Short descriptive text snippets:
■ ■ ■ ■

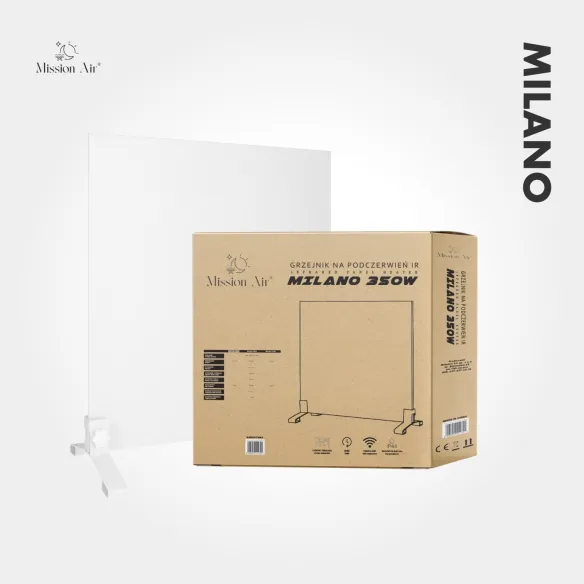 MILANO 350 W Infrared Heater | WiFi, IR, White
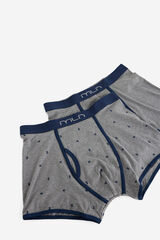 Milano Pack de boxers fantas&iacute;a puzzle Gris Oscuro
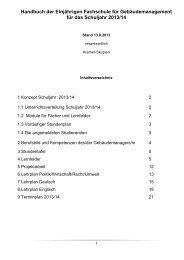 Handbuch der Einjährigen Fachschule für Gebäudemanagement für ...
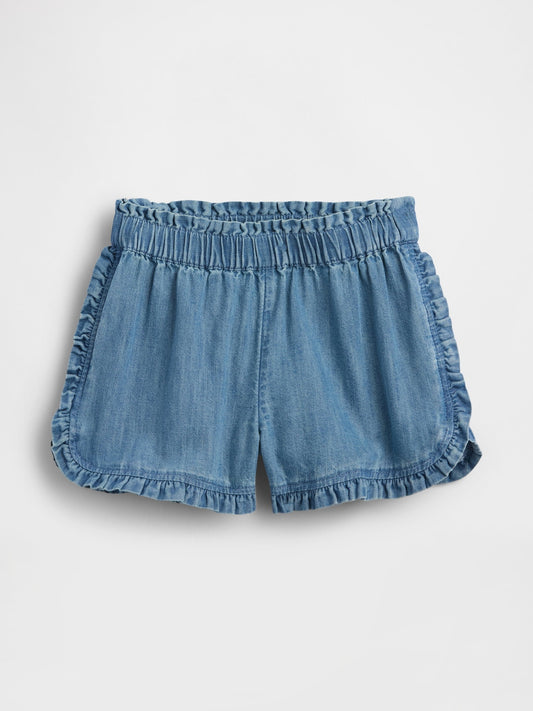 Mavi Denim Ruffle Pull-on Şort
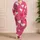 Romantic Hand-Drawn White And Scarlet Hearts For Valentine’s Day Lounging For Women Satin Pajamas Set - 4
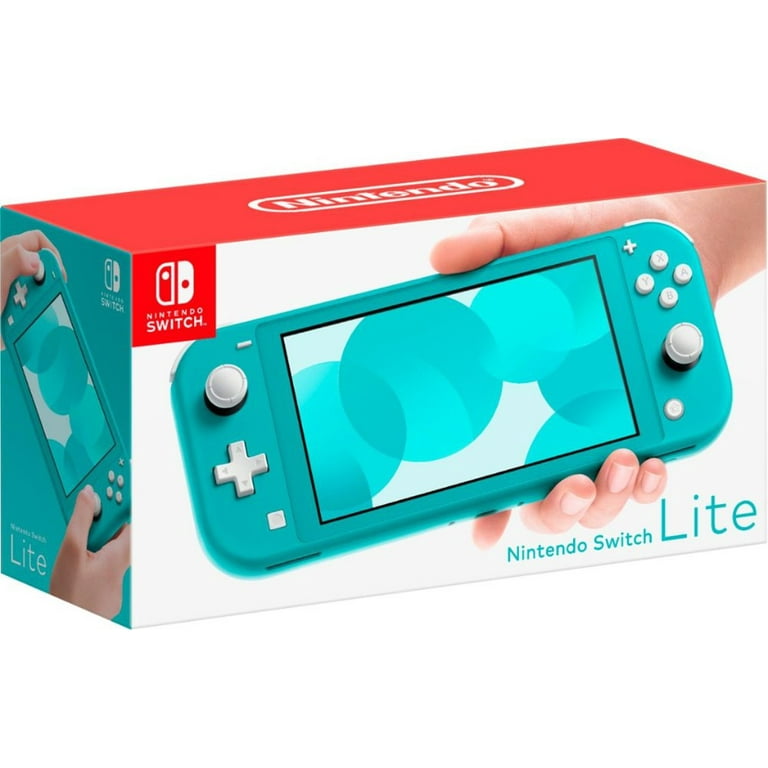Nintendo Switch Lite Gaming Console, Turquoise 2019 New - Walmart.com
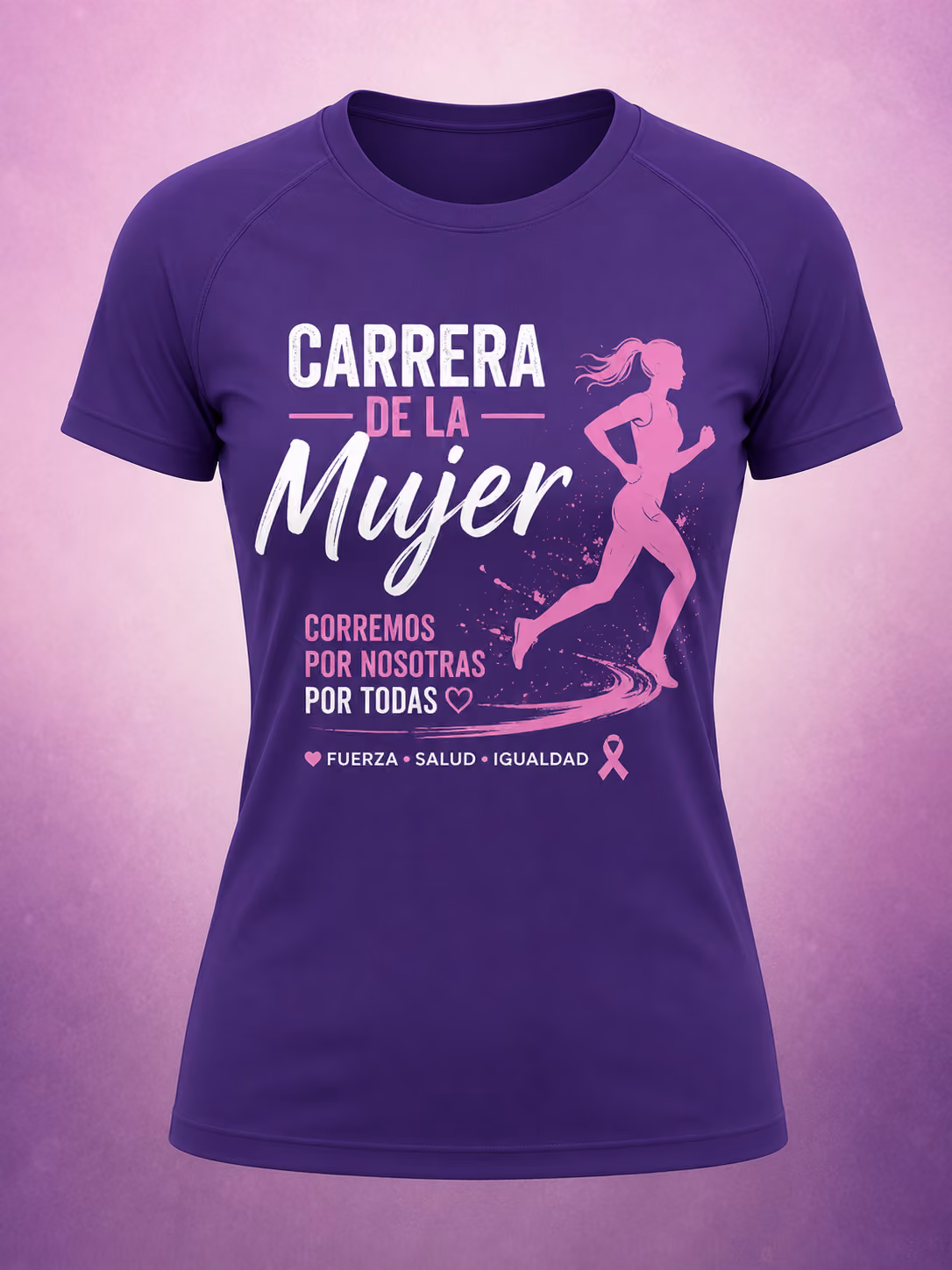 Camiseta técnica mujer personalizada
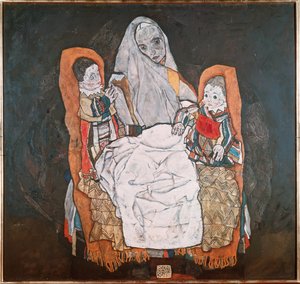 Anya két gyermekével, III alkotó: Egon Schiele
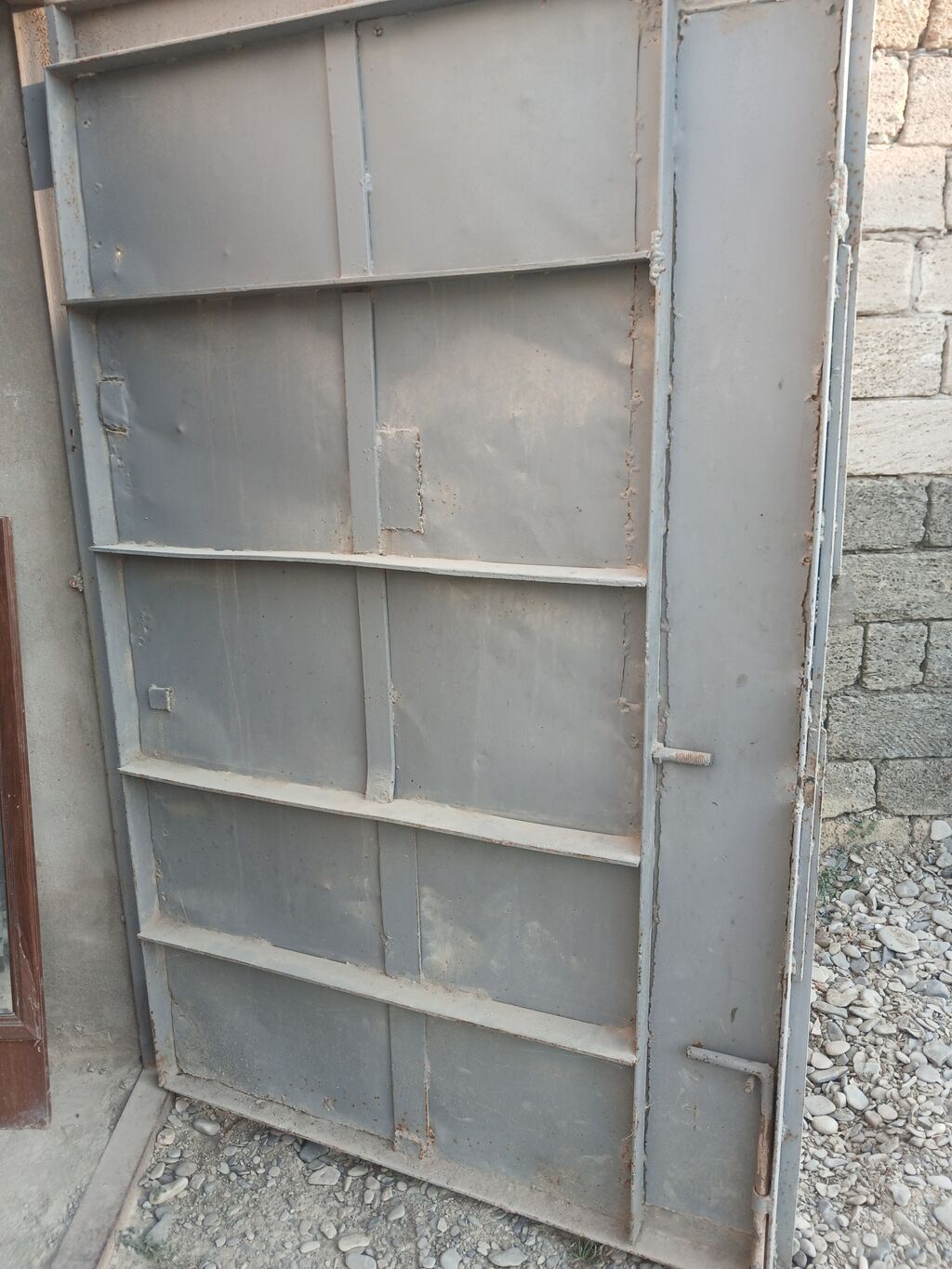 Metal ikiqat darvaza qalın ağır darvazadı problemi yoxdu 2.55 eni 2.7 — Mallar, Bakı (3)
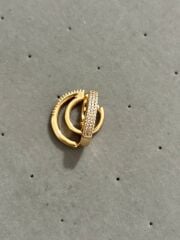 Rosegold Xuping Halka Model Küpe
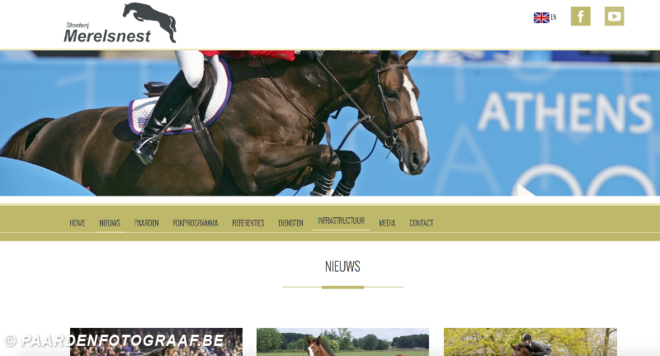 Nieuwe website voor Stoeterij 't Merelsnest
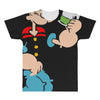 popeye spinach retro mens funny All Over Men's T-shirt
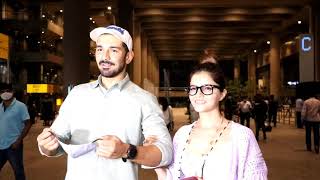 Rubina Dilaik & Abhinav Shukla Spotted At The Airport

■ ■ ■ ■

» **TASK STATEMENT**
Exactly as they appear, repeat the lines from the one containing "Mavi Denim Ruffle Pull-on Şort" through the last line of the entries, counting both ends. Pictures stay out.

» **EXPECTED ANSWER**
 Mavi Denim Ruffle Pull-on Şort
 Romantic Hand-Drawn White And Scarlet Hearts For Valentine’s Day Lounging For Women Satin Pajamas Set - 4
Nintendo Switch Lite Gaming Console, Turquoise 2019 New - Walmart.com
 Camiseta técnica mujer personalizada
 Anya két gyermekével, III alkotó: Egon Schiele
 Metal ikiqat darvaza qalın ağır darvazadı problemi yoxdu 2.55 eni 2.7 — Mallar, Bakı (3)
 Rosegold Xuping Halka Model Küpe
 Nieuwe website voor Stoeterij 't Merelsnest
 popeye spinach retro mens funny All Over Men's T-shirt
 Rubina Dilaik & Abhinav Shukla Spotted At The Airport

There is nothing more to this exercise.